白鳥(2)

 その文字にドキッとしながらもなぜかホッとした。

 何が書いてあるのかと、恐る恐るタップするとそこに書いてある内容を読んでいく。


 『はじめてメールを送ります。わたしの説明をよく聞かないで早々に寝てしまったのでメールにて少しお話をしていきます…』


 「…まず異世界にいきなり放りだされても、あなたの肉体であればなんとかなるはずですが辛く厳しいものになると可能性もあるのでその布団とスマートフォンをサービスでつけます。スマホにはふたつわたしが作ったアプリを入れておきました。ひとつは小さいながら空間収納アプリです。大きさ重量、容量制限付きですがひとまず困ることはないでしょう。当然ですが生物は収納できません。また中の時間は停止しませんが生き物は入れることができないので無菌です。食べ物も腐ったりという事はないと思うので許してください。中には少しの食料とハジメの家にあったサバイバルなナイフと包丁などの調理器具、食器類、食料、調味料などと、衣服と靴も入れておきました。自転車も入れておきましたので機会があれば使ってください…これはサービスとしてはでかすぎじゃないか。」


 途中から声に出して読んでいたが結構とんでもない物をもらってしまった気がする。この小さな箱が小説などで出てくるマジックバッグだという事だ。

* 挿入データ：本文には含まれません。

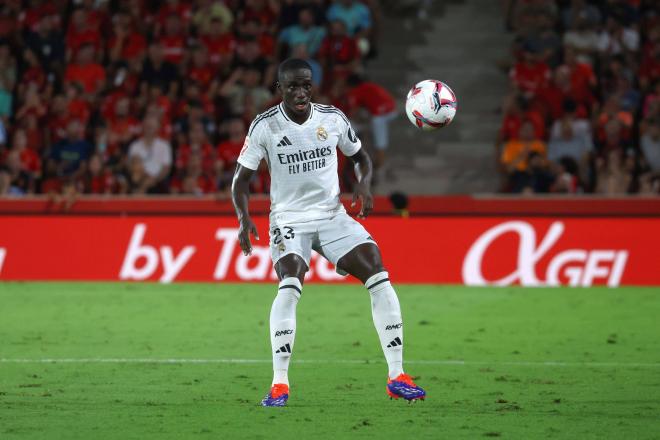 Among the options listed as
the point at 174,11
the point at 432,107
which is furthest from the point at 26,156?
the point at 432,107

容量が少ないと言うが自転車が入るほどだときくと驚く。


「なになに…もう一つはステータスアプリです。ハジメの身体能力を数値化し特徴や特技、特殊技能を確認できるようにしておきました他者の能力なども確認できるはずです。おおきな声で「ステータスオープンっ!!」と言いながらタップして活用してください。最後になりますがプログラミング言語というのはとても難しかったです。追伸:メールというのを送るのは初めてで絵文字などを使ってみたかったのですがいまいち使いどころがわからず不愛想になってしまってすみません。」


 最後のはいったい何だったというのだろう。女神なりのユーモア…女神ジョークだとでもいうのか中々につかみどころのないやつだなと思う。


 「ふぅ、やれやれだな」


 ふぅっと小さくため息をつくと上半身だけ起こし足を延ばした座ったままの状態だった足元に何かがもぞもぞと動いているように感じる。

 ここは大森林と言ってもいいほどの森の中で見たこともないような大きさの巨木がそびえている。布団が敷かれている場所も木の根の上なのか薄くなった布団の上だとわかるほどにでこぼこしている。


 そう考えると途端に恐怖が襲ってくる。もといた世界でもテントもなしに森の中、布団を直で敷いていれば虫や動物の侵入を許していたとしても不思議ではない。ましてやここは異世界だ。

 小動物のような大きさのあるムカデやサイのように大きなイノシシがいても不思議ではない。


 恐る恐る落ち着いてあたりを見回すが、動物などの気配は感じない。集中すると今まで気にならなかった吹く風で木々が揺れガサガサと揺れる葉の擦れあう音に余計に恐怖心を煽られる。


 巨木のせいで遠くまで見えることはないが代わりに背の低い植物などがなく茂みと呼べるようなもないのだけが唯一の救いに感じる。


 足元にはいまだ何かがいる。

 集中し唾を飲み込むと小さくのどが鳴る。その音が足元の何かに届いて襲われるのではないかとすぐに飛び起きれるように身構えると掛け布団に手をかけると一気にまくり上げた。


 その瞬間に何かの影が顔に向かって飛び掛かってきた。

振り払おうとしたがすぐに手を止める


 「んなぁーご」


 それは小さな真っ白の猫だった。


 この猫はあの時…


 あの場所でもう一つ頼んだ。


 「もう一個だけ頼みがあるんだけどいいかな?」


 片目だけ閉じておどけた態度で、リーリシアに手を合わせる。


 「聞くだけなら構いませんがどんな願いを叶えることができるわけではありませんよ。」


 無茶を通したばかりで少し不機嫌にも見えたがどうやら話だけは聞いてくれたるらしい。